Through offline analysis, it can be found that the coherence increased between the electrodes across the brains, such as C3 from subject A and C4 from subject B during 0 s–10 s, 18–25 s and 28–31 s. However, the coherence’s polarity of the same side electrodes is opposite to that of the different side. For example, the polarity of the coherence between C3_A – C3_B and C4_A – C3_B is opposite.

4 Discussion

We successfully build a cross-brain interaction platform based on neurofeedback and conduct a tug-of-war game to test the platform. Through the platform, the neural activity of the two subjects was observed and calculated online based on EEG. According to the trajectory recorded during the online game, most of the time two subjects fought against each other equivalently which indicates that the amplitudes of the brain activities across the subjects are roughly similar. Through the questionnaire, we found that when the subjects were distracted, the cursor would move to the other side while the subjects were concentrated, the cursor would move to their side. The subjects expressed that the game was very interesting and novel and they could interact with each other simply using EEG signals through the imagination of left or right to control the cursor to move.

Through the offline analysis, we found that there exists a relationship between the synchronous state of the brains and the movement of the cursor during the game. The higher the synchrony of the beta band of the C3, C4 electrodes’ signals across the brains, the better the results to distinguish between the subjects. During the period between 0 s–10 s, we can easily determine the winner in Fig. 4A while the coherence between the two subjects is relatively high. We can’t determine the winner during the 10 s–20 s while the coherence between the two is relatively low. In Duan’s research, the Pearson correlation coefficient (r) was used to measure the cross-brain relationship between the two participants and they found the neural synchronization during the game [3]. In this study, the synchronization between specific electrodes at beta bands demonstrates that EEG based neurofeedback can be used to explore the cross-brain interaction.

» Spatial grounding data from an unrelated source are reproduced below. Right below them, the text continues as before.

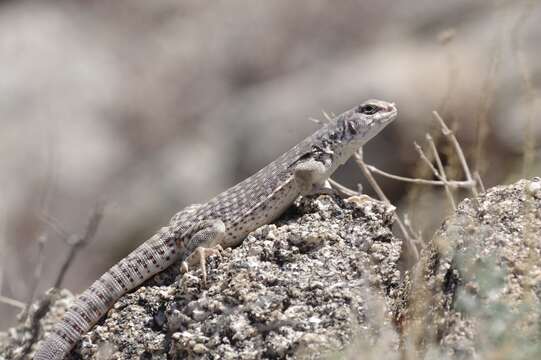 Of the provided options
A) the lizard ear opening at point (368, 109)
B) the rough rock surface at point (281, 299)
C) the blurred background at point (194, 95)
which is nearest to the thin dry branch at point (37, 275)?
the rough rock surface at point (281, 299)

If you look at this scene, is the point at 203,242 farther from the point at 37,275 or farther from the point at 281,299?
the point at 37,275

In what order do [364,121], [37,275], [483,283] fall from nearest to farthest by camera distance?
1. [483,283]
2. [364,121]
3. [37,275]

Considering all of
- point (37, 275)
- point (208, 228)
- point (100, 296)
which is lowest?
point (37, 275)

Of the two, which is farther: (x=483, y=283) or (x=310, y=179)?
(x=310, y=179)

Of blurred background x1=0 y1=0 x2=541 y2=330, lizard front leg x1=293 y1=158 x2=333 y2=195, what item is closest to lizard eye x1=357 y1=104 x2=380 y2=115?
lizard front leg x1=293 y1=158 x2=333 y2=195

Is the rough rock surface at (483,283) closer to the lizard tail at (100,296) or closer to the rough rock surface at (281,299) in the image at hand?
the rough rock surface at (281,299)

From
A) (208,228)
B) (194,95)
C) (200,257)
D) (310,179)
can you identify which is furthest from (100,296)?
(194,95)

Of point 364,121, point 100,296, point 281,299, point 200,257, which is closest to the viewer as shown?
point 281,299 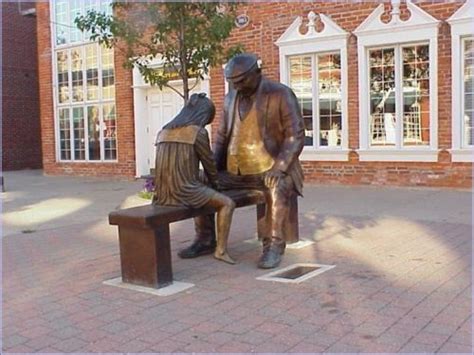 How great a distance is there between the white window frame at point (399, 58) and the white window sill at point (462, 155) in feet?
1.09

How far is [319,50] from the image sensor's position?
1244 cm

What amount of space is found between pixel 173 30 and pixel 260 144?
12.9 feet

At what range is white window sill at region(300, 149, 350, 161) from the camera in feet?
40.4

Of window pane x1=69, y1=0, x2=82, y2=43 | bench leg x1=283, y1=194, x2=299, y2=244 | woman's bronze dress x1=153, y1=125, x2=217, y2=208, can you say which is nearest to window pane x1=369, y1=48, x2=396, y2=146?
bench leg x1=283, y1=194, x2=299, y2=244

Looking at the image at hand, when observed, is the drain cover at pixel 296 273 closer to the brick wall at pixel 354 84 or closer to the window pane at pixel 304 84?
the brick wall at pixel 354 84

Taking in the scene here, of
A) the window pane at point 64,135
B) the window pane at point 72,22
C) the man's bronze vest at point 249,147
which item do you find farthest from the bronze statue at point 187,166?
the window pane at point 64,135

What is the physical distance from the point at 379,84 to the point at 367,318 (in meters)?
8.62

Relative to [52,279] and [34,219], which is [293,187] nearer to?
[52,279]

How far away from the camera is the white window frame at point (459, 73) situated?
34.6 ft

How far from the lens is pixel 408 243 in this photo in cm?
650

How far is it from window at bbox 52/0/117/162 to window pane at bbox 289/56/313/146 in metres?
6.01

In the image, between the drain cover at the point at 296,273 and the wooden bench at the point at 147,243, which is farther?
the drain cover at the point at 296,273

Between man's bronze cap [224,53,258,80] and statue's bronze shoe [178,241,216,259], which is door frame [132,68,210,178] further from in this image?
man's bronze cap [224,53,258,80]

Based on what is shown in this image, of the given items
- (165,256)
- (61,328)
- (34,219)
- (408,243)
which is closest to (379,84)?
(408,243) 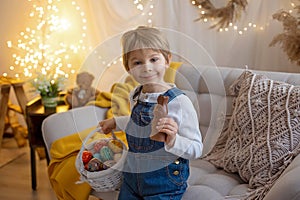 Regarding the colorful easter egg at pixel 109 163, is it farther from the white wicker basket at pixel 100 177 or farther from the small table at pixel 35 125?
the small table at pixel 35 125

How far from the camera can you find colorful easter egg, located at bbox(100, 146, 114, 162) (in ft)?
4.69

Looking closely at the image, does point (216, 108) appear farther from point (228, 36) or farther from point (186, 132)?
point (228, 36)

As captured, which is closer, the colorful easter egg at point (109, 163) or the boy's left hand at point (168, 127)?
the boy's left hand at point (168, 127)

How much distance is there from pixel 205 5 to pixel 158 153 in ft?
4.53

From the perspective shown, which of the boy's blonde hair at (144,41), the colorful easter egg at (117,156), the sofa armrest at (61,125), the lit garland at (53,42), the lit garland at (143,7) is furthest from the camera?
the lit garland at (53,42)

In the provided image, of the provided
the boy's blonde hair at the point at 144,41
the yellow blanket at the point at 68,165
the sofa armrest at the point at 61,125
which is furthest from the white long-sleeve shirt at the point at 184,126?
the sofa armrest at the point at 61,125

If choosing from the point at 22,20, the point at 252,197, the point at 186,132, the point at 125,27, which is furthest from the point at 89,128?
the point at 22,20

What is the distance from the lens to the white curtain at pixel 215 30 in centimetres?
232

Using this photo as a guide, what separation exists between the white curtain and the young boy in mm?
893

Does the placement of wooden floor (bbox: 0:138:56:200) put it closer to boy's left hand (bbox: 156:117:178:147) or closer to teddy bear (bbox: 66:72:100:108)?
teddy bear (bbox: 66:72:100:108)

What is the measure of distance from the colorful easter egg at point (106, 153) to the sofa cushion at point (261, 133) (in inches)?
20.0

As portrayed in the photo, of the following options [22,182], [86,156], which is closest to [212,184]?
[86,156]

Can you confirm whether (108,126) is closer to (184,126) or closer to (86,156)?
(86,156)

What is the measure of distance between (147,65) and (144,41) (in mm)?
70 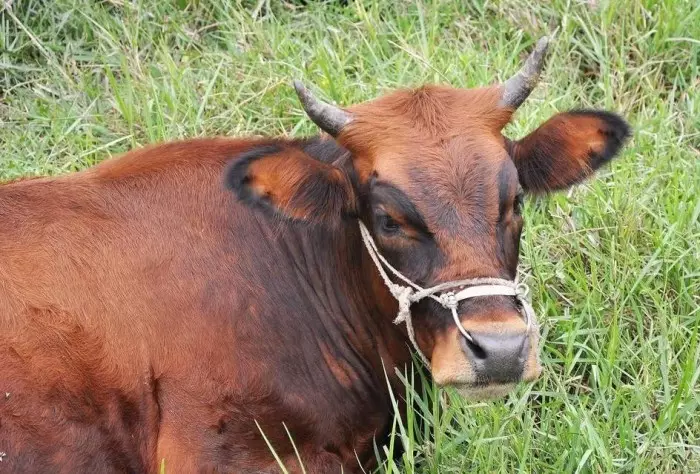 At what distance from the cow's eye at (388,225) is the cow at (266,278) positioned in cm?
→ 2

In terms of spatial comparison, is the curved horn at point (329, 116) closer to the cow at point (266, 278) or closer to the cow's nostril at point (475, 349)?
the cow at point (266, 278)

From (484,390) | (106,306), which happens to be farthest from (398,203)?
(106,306)

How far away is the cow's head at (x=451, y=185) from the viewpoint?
4.56m

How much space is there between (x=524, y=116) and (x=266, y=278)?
2669mm

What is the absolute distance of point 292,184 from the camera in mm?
5074

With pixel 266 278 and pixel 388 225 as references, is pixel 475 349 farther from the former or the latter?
pixel 266 278

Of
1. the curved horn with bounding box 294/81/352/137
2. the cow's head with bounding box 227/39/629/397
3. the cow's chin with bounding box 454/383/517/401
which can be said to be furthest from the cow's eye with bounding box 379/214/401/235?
the cow's chin with bounding box 454/383/517/401

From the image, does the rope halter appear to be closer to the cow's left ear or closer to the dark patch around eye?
the dark patch around eye

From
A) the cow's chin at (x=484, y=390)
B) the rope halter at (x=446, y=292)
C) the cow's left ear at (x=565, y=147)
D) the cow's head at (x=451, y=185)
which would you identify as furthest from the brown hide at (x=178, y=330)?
the cow's left ear at (x=565, y=147)

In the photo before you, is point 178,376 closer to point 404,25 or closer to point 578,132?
point 578,132

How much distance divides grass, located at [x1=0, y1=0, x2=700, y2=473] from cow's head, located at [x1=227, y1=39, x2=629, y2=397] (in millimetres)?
745

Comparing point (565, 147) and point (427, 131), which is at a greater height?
point (427, 131)

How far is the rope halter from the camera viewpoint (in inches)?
179

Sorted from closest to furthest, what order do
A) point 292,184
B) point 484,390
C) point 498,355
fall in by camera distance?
point 498,355
point 484,390
point 292,184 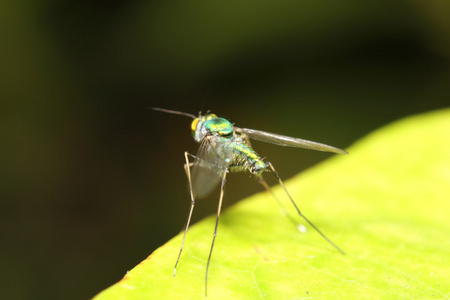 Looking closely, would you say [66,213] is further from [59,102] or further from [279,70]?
[279,70]

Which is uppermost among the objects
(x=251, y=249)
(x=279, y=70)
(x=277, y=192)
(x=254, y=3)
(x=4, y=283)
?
(x=254, y=3)

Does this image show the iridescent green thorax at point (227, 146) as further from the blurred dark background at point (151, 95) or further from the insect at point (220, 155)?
the blurred dark background at point (151, 95)

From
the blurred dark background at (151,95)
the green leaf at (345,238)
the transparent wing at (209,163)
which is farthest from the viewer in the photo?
the blurred dark background at (151,95)

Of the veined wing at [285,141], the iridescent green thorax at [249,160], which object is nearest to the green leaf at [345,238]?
the iridescent green thorax at [249,160]

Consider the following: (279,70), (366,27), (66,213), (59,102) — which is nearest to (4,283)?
(66,213)

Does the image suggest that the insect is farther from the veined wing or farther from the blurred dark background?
the blurred dark background

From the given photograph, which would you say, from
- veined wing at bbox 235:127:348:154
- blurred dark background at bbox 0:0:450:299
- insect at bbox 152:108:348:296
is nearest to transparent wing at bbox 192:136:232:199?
insect at bbox 152:108:348:296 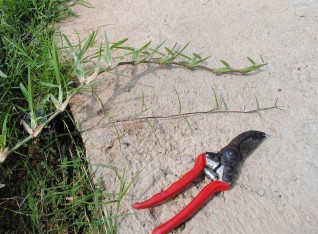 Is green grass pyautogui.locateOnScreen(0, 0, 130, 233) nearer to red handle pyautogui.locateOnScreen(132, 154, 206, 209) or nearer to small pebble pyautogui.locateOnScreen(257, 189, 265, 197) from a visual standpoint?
red handle pyautogui.locateOnScreen(132, 154, 206, 209)

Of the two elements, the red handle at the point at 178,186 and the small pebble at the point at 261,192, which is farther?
the small pebble at the point at 261,192

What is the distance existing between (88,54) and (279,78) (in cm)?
92

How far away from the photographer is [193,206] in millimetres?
1312

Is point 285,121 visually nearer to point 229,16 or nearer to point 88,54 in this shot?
point 229,16

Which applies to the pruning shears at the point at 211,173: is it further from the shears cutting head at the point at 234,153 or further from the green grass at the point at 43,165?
the green grass at the point at 43,165

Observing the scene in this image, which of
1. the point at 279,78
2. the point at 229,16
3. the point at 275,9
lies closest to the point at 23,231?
the point at 279,78

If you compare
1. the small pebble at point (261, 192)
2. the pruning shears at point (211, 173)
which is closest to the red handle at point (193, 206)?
the pruning shears at point (211, 173)

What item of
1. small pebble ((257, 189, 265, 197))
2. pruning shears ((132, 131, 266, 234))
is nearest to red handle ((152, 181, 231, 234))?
pruning shears ((132, 131, 266, 234))

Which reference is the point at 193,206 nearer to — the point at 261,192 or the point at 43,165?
the point at 261,192

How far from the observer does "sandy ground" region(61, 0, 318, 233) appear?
139 cm

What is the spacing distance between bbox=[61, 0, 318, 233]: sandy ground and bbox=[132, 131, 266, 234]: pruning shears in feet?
0.18

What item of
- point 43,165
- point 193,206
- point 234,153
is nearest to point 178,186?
point 193,206

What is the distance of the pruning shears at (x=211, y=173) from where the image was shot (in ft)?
4.28

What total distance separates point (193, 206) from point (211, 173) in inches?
6.5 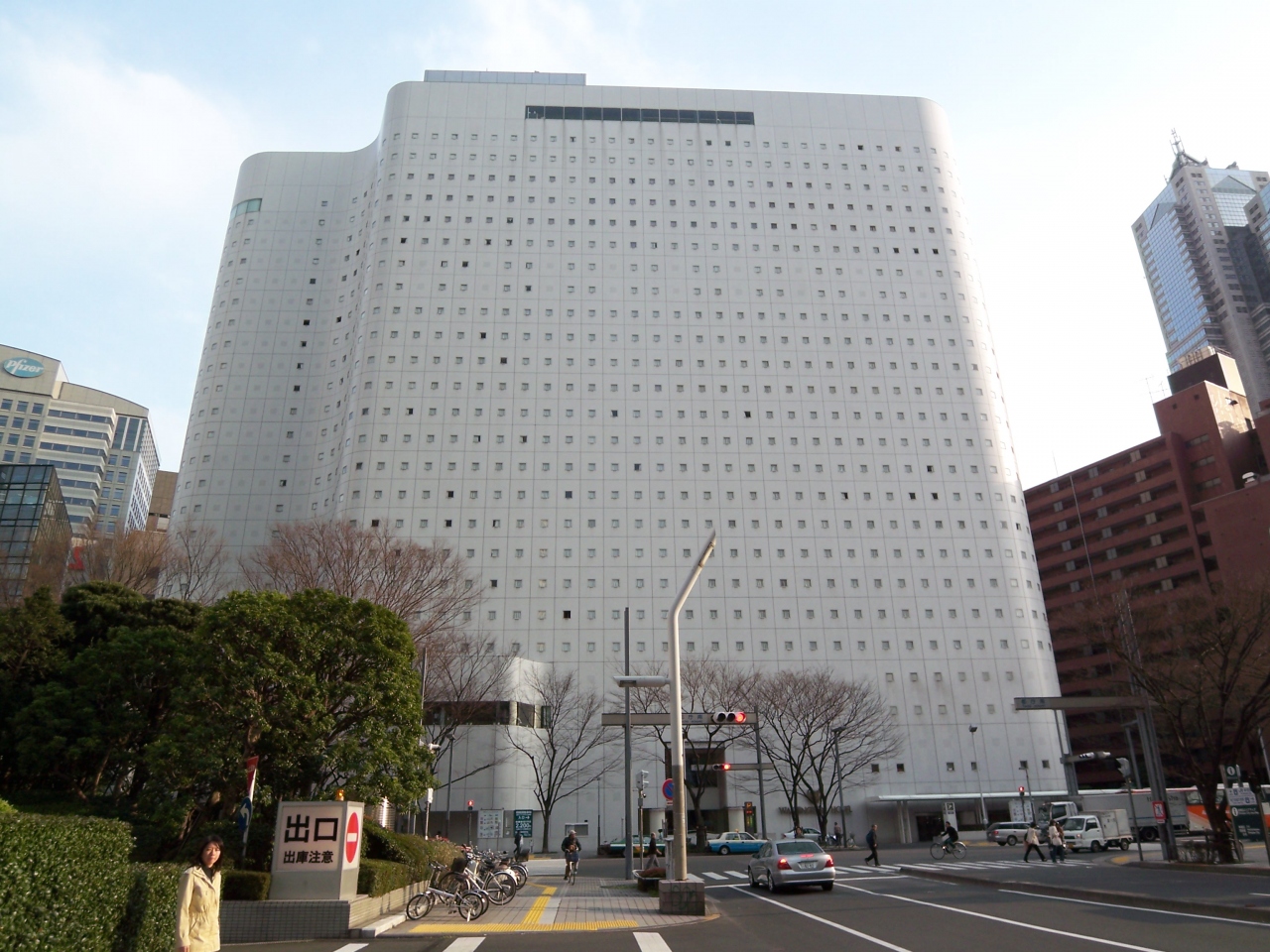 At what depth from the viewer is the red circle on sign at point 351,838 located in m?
16.1

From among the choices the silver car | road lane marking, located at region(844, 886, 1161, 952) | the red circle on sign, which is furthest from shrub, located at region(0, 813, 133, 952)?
the silver car

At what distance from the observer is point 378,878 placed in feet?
57.4

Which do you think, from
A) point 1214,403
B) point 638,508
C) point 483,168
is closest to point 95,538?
point 638,508

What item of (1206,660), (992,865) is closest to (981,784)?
(992,865)

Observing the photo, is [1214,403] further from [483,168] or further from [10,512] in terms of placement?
[10,512]

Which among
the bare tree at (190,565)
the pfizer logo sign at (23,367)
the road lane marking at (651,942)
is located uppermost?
the pfizer logo sign at (23,367)

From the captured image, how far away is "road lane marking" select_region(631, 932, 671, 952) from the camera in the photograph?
13.1m

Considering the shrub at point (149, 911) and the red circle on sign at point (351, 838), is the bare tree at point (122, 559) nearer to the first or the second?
the red circle on sign at point (351, 838)

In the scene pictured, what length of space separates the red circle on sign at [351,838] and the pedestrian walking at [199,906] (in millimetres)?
8345

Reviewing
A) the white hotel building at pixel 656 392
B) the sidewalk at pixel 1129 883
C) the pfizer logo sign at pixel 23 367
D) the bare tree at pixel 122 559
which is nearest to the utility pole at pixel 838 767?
the white hotel building at pixel 656 392

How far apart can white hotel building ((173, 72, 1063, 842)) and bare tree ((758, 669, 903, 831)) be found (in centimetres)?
264

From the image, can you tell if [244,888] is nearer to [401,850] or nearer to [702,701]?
[401,850]

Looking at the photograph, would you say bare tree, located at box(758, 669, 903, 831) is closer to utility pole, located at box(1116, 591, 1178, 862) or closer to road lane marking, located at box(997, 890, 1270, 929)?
utility pole, located at box(1116, 591, 1178, 862)

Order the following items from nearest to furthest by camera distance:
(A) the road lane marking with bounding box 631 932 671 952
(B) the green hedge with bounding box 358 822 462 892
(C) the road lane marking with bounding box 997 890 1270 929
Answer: (A) the road lane marking with bounding box 631 932 671 952 → (C) the road lane marking with bounding box 997 890 1270 929 → (B) the green hedge with bounding box 358 822 462 892
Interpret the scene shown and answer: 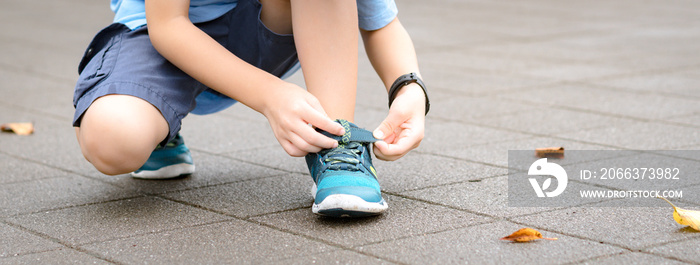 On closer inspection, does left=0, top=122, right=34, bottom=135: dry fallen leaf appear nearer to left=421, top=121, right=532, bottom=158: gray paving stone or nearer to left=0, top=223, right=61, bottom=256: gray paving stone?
left=0, top=223, right=61, bottom=256: gray paving stone

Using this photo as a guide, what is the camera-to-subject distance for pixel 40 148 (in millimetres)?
2887

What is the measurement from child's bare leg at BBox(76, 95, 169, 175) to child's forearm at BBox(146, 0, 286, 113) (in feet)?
0.52

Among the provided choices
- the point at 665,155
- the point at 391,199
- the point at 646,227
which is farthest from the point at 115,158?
the point at 665,155

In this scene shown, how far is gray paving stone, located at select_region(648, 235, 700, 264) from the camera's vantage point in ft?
5.46

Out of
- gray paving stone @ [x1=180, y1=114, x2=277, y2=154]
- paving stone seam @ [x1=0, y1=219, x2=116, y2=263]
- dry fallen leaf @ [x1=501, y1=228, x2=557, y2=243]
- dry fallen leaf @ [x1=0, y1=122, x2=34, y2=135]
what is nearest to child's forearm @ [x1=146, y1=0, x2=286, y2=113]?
paving stone seam @ [x1=0, y1=219, x2=116, y2=263]

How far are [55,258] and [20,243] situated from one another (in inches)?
6.2

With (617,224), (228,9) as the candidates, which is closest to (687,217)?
(617,224)

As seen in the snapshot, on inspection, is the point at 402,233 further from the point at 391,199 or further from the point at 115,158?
the point at 115,158

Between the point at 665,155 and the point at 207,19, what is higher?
the point at 207,19

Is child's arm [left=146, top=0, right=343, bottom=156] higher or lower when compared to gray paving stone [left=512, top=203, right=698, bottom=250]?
higher

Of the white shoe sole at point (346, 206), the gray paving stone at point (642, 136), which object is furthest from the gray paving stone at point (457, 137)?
the white shoe sole at point (346, 206)

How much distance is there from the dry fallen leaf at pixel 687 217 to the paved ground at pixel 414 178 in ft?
0.06

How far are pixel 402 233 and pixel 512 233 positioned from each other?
24 cm

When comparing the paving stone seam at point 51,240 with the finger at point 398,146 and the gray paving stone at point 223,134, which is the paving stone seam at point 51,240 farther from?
the gray paving stone at point 223,134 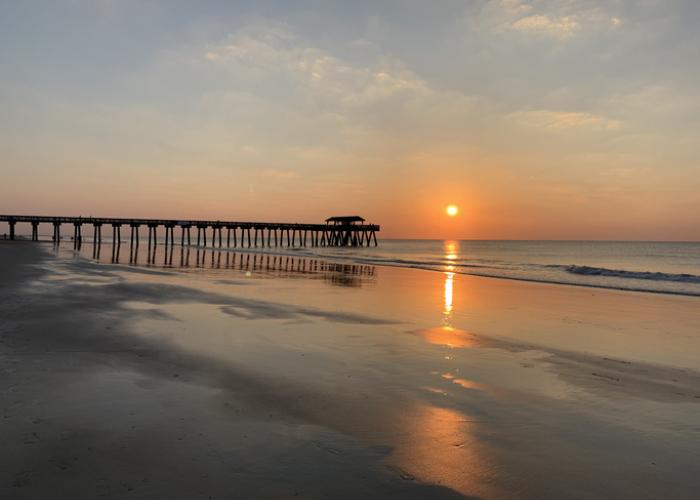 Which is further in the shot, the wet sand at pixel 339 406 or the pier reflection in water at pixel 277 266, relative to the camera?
the pier reflection in water at pixel 277 266

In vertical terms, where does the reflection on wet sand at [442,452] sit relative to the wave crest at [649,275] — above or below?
below

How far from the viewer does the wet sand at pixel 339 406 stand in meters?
4.17

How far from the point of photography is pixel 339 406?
613 cm

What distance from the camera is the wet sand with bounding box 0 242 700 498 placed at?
13.7ft

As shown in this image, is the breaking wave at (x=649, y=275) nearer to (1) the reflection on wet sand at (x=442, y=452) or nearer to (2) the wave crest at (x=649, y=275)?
(2) the wave crest at (x=649, y=275)

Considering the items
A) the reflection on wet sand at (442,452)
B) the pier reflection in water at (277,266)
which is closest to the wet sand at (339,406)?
the reflection on wet sand at (442,452)

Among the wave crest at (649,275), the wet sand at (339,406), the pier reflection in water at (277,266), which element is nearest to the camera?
the wet sand at (339,406)

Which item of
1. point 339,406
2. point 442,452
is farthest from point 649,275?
point 442,452

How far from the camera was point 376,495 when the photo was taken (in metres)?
3.91

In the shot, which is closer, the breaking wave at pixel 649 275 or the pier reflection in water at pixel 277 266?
the pier reflection in water at pixel 277 266

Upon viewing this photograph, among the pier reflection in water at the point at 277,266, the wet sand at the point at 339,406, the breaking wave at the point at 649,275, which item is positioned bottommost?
the pier reflection in water at the point at 277,266

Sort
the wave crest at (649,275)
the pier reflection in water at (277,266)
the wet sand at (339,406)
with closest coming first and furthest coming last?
the wet sand at (339,406)
the pier reflection in water at (277,266)
the wave crest at (649,275)

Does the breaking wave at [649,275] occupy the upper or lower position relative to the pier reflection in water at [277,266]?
upper

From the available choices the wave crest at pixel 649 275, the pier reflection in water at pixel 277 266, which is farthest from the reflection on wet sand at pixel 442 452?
the wave crest at pixel 649 275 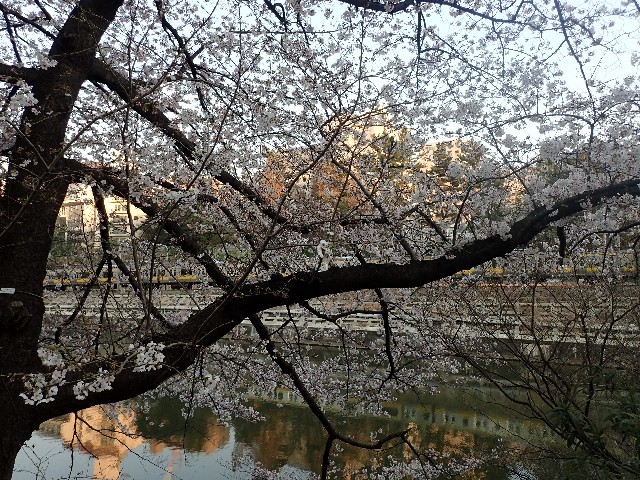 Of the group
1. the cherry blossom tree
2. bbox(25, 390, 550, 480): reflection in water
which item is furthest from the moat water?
the cherry blossom tree

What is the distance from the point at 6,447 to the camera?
6.94ft

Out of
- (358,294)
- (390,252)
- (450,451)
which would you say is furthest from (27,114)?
(450,451)

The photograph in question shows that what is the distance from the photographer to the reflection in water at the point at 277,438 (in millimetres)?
9289

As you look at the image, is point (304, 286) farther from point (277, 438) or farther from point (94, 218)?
point (277, 438)

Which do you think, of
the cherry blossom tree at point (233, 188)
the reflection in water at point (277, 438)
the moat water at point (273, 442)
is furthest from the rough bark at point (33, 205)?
the reflection in water at point (277, 438)

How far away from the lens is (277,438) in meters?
10.9

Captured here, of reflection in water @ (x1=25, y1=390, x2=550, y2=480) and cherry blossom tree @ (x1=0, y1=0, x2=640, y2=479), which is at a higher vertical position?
cherry blossom tree @ (x1=0, y1=0, x2=640, y2=479)

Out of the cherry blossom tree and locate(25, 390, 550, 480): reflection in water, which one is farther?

According to the existing research, Jaehwan has found the cross-brain synchronization when the subjects tend to choose different strategies such as cooperation or defection strategy in the prisoner’s dilemma game experiment [11]. The PLV between FZ-P8, FCZ-P8, C3-P6 across the brains is higher than that when subjects choose the defection strategy compared with cooperation strategy and the right temporal-parietal cortical region may play an important role in the social interactions of autism spectrum disorder patients. In this study, the synchronization across the brains may reflects the strategies which subjects has chosen to compete with each other during the game. Because C3, C4 electrodes are relevant to motor imagery [17], we only choose these two electrodes to conduct the experiment and analysis for simplicity and convenience at initial stage of the study. In the following phases of the study, individual channels should be grouped into anatomical regions based on shared anatomy, which is served to optimize signal-to-noise ratios. Multiple channels electrodes should be taken into consideration of cross-brain coherence analysis not just the specific ones.

5 Conclusions

In summary, the study established a cross-brain interaction platform based on neurofeedback using EEG signals. A validation experiment with a tug-of-war game has demonstrated that the platform can record and integrate two participants’ EEG signals to calculate and feedback the cross-brain neural interaction. Cross-brain synchronization has been found during the offline analysis which reflects the interaction state across the brains and may reflect the strategy that the participants choose. This study is still a preliminary work and needs further work to do. On the basis of the present work, next step we plan to investigate the neural features in the cross-brain synchronization which reflects the cooperation or competition strategies.